What the task asks :: Below are some records. Set each one down exactly as it reads.

** Dataset follows **

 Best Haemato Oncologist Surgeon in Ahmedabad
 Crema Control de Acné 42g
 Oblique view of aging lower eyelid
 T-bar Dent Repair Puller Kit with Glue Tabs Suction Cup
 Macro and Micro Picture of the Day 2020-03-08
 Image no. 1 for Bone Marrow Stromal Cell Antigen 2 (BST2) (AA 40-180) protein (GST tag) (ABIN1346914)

** End of Dataset **

Exercise answer ::
 Best Haemato Oncologist Surgeon in Ahmedabad
 Crema Control de Acné 42g
 Oblique view of aging lower eyelid
 T-bar Dent Repair Puller Kit with Glue Tabs Suction Cup
 Macro and Micro Picture of the Day 2020-03-08
 Image no. 1 for Bone Marrow Stromal Cell Antigen 2 (BST2) (AA 40-180) protein (GST tag) (ABIN1346914)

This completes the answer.